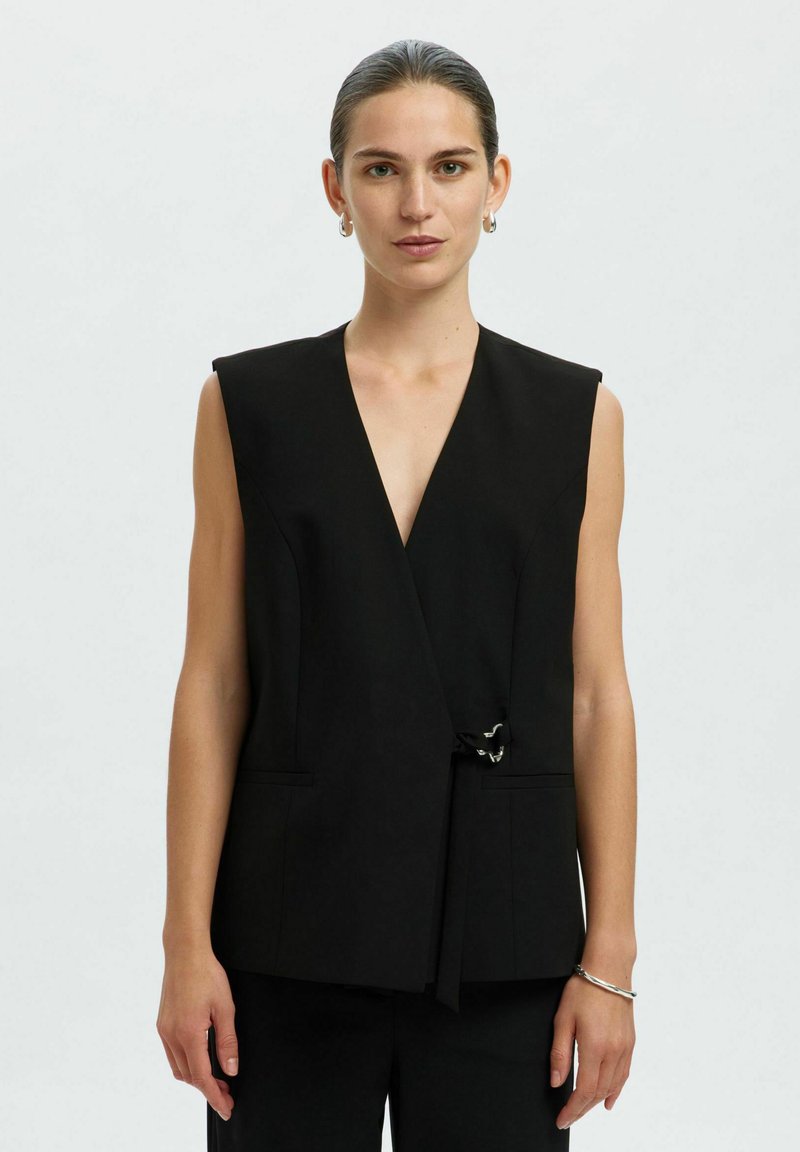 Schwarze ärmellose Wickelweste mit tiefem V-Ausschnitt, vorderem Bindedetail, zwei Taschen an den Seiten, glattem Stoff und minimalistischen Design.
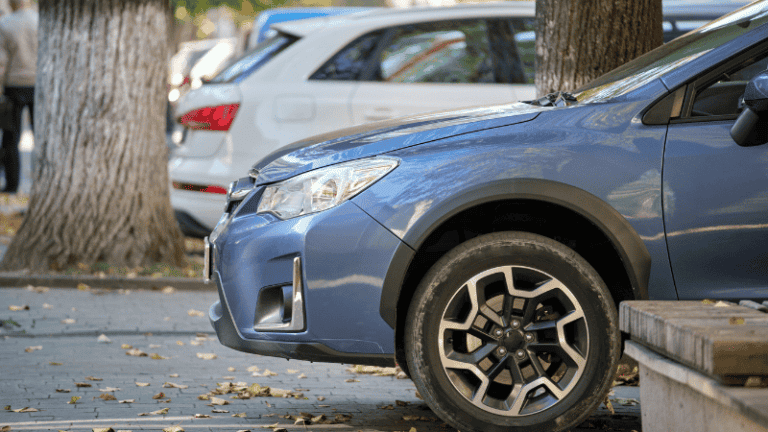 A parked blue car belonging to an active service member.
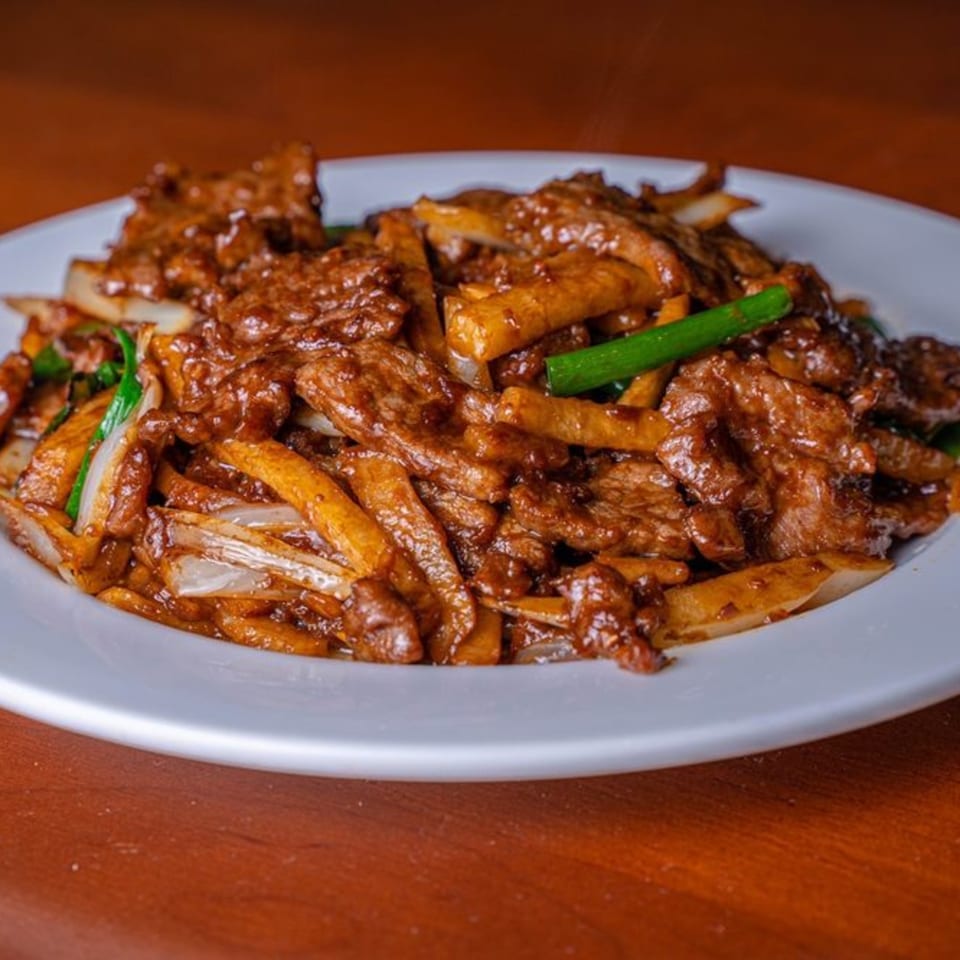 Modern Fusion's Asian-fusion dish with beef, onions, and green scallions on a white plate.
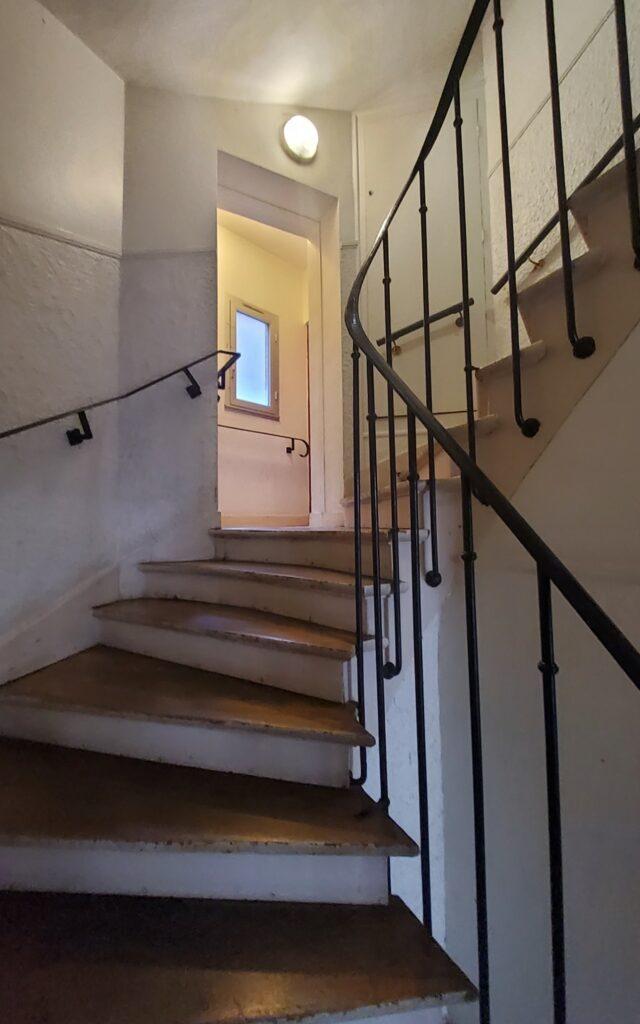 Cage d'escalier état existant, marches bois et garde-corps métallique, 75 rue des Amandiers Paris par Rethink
--
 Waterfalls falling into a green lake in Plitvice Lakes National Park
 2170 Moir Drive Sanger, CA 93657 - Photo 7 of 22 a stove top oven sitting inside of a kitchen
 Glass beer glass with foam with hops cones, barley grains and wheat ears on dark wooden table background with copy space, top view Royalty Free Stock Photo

What you will do »
Retype, exactly and with no pictures, everything above from the line with "Modern Fusion's Asian-fusion" down to the line with "Cage d'escalier état", both included.

Answer section »
 Modern Fusion's Asian-fusion dish with beef, onions, and green scallions on a white plate.
 Cage d'escalier état existant, marches bois et garde-corps métallique, 75 rue des Amandiers Paris par Rethink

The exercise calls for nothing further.